The Court of Appeal allowed Carlton Television's appeal against a decision that it had infringed the copyright of Pro Sieben Media AG.
The plaintiff, a German television company, claimed that the defendants had infringed its copyrights by including in one of its programmes a 30- second extract from a German television programme, which had been broadcast by the plaintiff in a magazine programme called TAFF.
The plaintiff's programme was about Mandy Allwood, who was pregnant with eight live embryos as a result of fertility treatment. The plaintiff had made an agreement with Max Clifford, Ms Allwood's public relations consultant, giving it the exclusive right to broadcast an interview with Ms Allwood in Germany.
The defendants' programme was directed at, and critical of, chequebook journalism.
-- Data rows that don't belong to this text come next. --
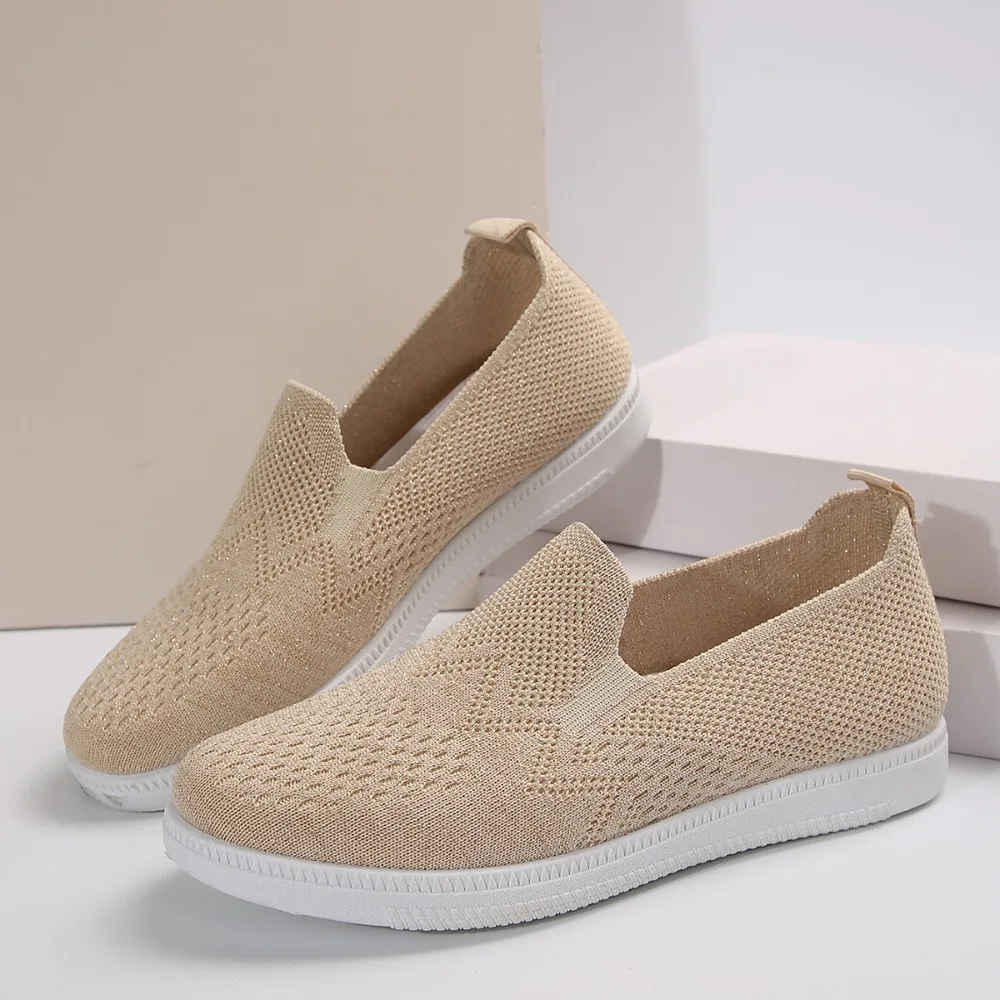 Women's Breathable Mesh Slip-On Sneakers - Lightweight Comfort Walking Shoes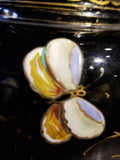 Pair of Vintage Moser Bohemian Gold Overlay Butterfly Bug Raised Glass Vases - Diamonds Sapphires Rubies Emeralds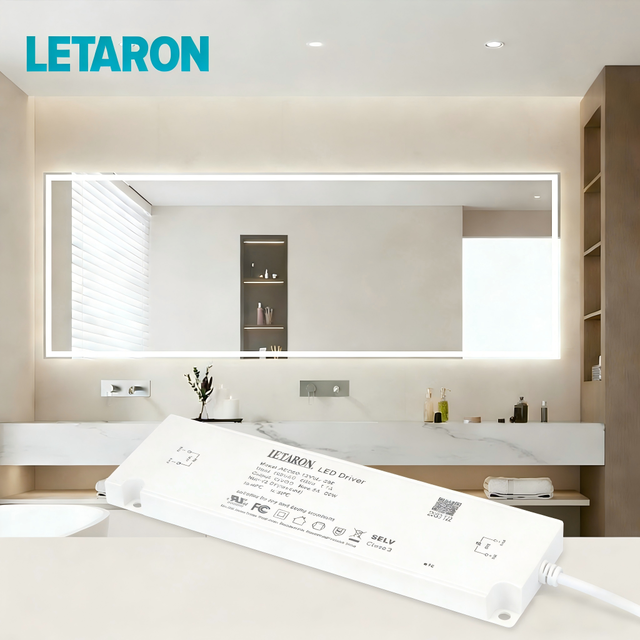 Letaron 12V 24V Constant Voltage LED Driver IP20 FCC UL100-120VAC Slim Led Power Supply for Bathroom Cabinet Strip Light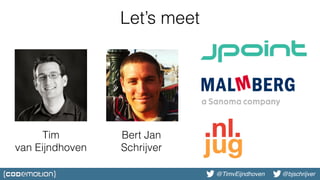 @bjschrijver@TimvEijndhoven @bjschrijver
Bert Jan  
Schrijver
Let’s meet
Tim 
van Eijndhoven
 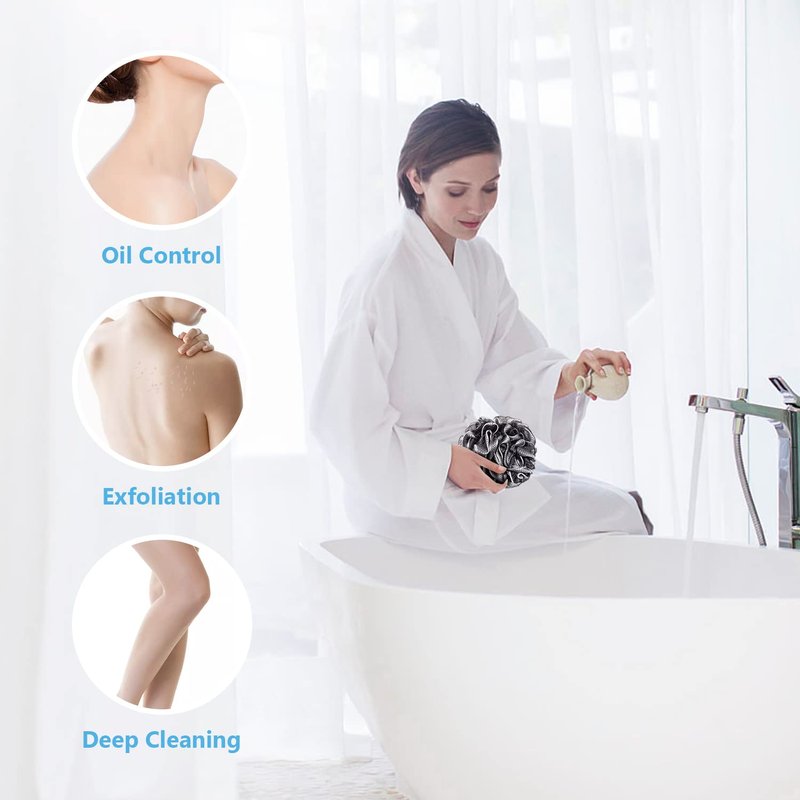 VANZAVANZU Bath Loofah Large 80g Shower Sponge Body Scrubber Mesh Pouf for Men and Women, Set of 4 (Black with White)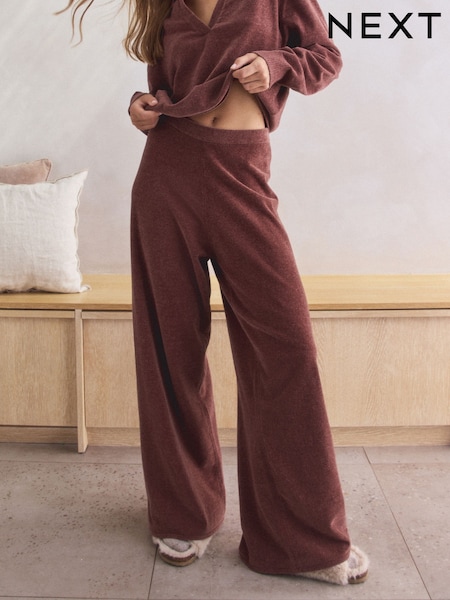 Pink Chenille Knit Wide Leg Trousers (H44237) | £36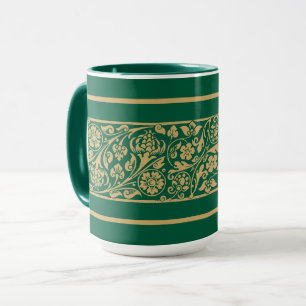 Vintage Victoriaans tijdperk 1893 bloemmotief frie Mok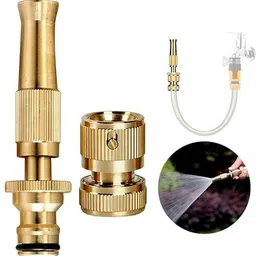 1/2 Hose Pipe For Gardening Water Pressure Booster Brass Nozzle Garden Tool Kit-image-1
The extract from the plaintiff's programme was shown with the name TAFF appearing prominently in the bottom right-hand corner of the picture, and, less prominently, the plaintiff's logo, a stylised figure 7, in the top right-hand corner.
The judge decided that the defendants had failed to discharge the onus of proving that the extract had been included in their programme for the purpose of criticism or review within section 30(1) of the Copyright Designs and Patents Act 1988, and that there had been insufficient acknowledgement.
He further concluded that the use of the extract by the defendants was not for the purpose of reporting the "minor but newsworthy event" that Max Clifford had sold an interview with Ms Allwood to German television, within section 30(2), but that if he were wrong about that, he was in no doubt that the use made of the extract was not fair in all the circumstances. The defendants appealed.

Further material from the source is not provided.